Je m’appelle Pierre Lenormand. J’ai 81 ans. En octobre 1961, j’étais étudiant à Paris, en licence de géographie. Le soir du mardi 17 octobre, j’ai quitté vers 20 h 30 la bibliothèque de la Sorbonne (qui restait à l’époque ouverte jusqu’à 22 h) pour aller prendre le métro à la station Saint Michel.

Il faisait nuit.
En arrivant place Saint Michel, il y avait de nombreuses forces de police, comme cela arrivait souvent au Quartier latin en ce temps de guerre d’Algérie. Mais entre la rue Saint André des Arts et le quai, à l’ouest de la place, j’ai aperçu une foule nombreuse, des centaines de personnes en rangs serrés, curieusement silencieuses.

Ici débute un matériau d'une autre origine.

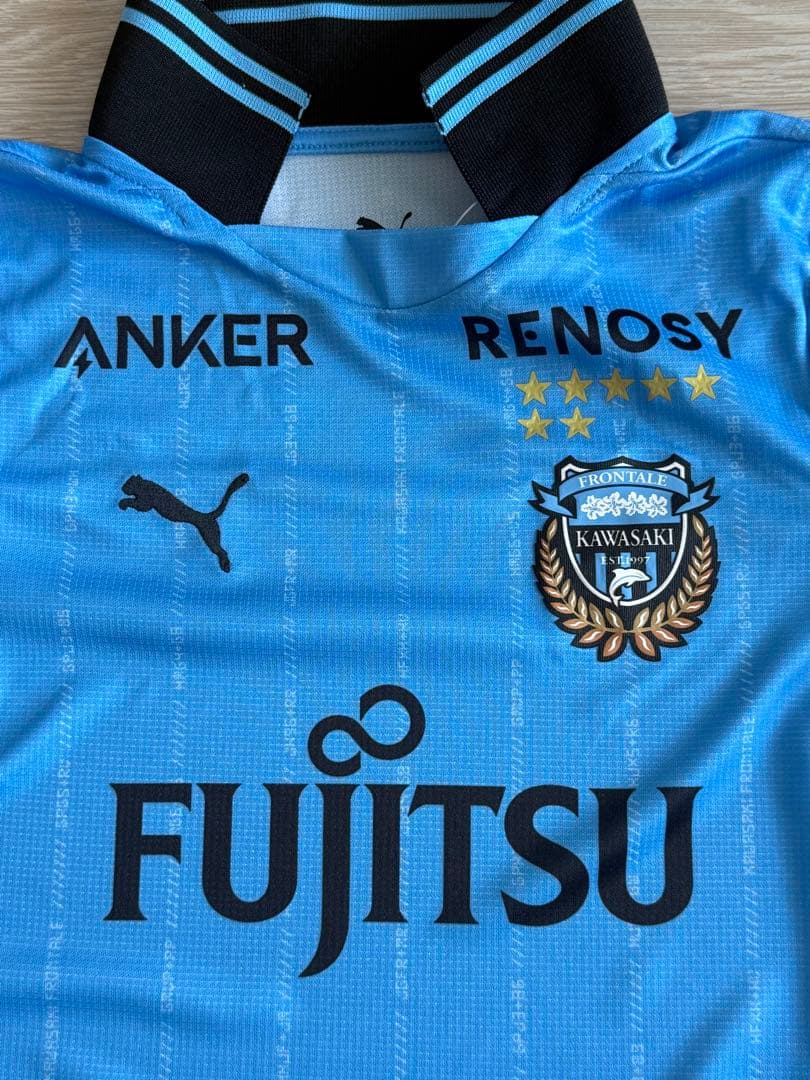 川崎フロンターレ キッズユニフォーム130 新品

En m’approchant, j’ai pu distinguer à la lumière des réverbères qu’il s’agissait de familles maghrébines, femmes en longues robes, avec des enfants, et de jeunes hommes qui visiblement encadraient le cortège. Aucune banderole, aucune pancarte, aucun mot d’ordre et une foule totalement pacifique, vraisemblablement d’Algériens venus des bidonvilles de banlieues ici rassemblés au cœur de Paris.

Mais très vite tout a basculé, avec les premières charges de la police, armés de matraques et de longs bâtons, les célèbres « bidules », connus de tous les manifestants d’alors, qui attaquaient sauvagement le cortège.

Cris, mouvements de foule, personnes à terre, la place Saint Michel est devenu en quelques instants le théâtre d’une répression terrifiante, remplissant de peur jusqu’aux simples passants, devenus témoins de cette violence inouïe contre une foule totalement désarmée.
Comme les autres, je me suis engouffré dans le métro, mais j’ai pu voir dans les couloirs et les escaliers, et jusque sur les quais, les policiers poursuivre et matraquer tout ceux qui leur apparaissaient comme algériens, arabes, maghrébins...

Mais j’ignorais alors qu’il y avait eu plusieurs manifestation du même type dans Paris - sur les grands boulevards notamment - répondant à un mot d’ordre de la Fédération de France du FLN, pour riposter au couvre-feu imposé à tous les Algériens par le préfet de police quinze jours plus tôt.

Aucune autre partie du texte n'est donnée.